ACTIVITY
When you reach the line that contains "Vジャンプ 21年 12 月号 雑誌 本 通販 Amazon", please begin copying, and carry on exactly to the last line of the material, leaving out every picture.

DATA EXTRACT

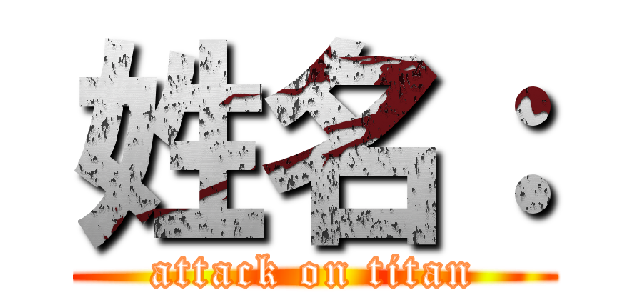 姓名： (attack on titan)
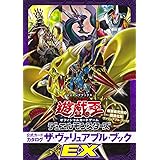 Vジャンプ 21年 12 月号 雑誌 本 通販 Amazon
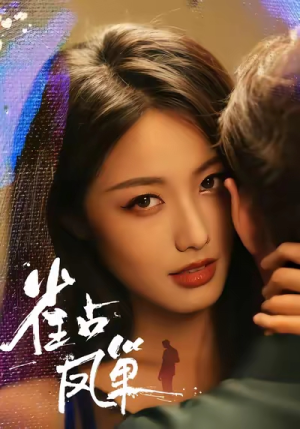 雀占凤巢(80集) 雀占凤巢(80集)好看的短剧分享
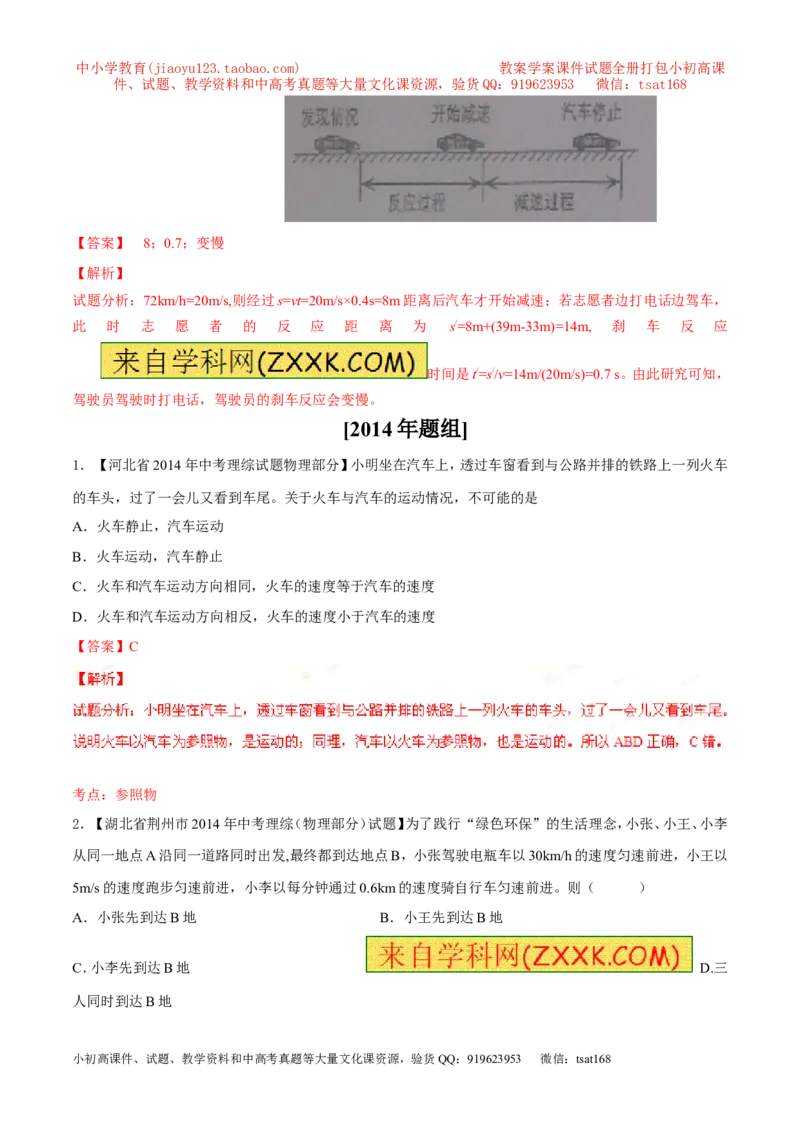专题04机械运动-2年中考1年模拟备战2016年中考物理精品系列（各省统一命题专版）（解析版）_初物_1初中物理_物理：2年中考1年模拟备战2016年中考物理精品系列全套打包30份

EXERCISE SOLUTION
 Vジャンプ 21年 12 月号 雑誌 本 通販 Amazon
 雀占凤巢(80集) 雀占凤巢(80集)好看的短剧分享
专题04机械运动-2年中考1年模拟备战2016年中考物理精品系列（各省统一命题专版）（解析版）_初物_1初中物理_物理：2年中考1年模拟备战2016年中考物理精品系列全套打包30份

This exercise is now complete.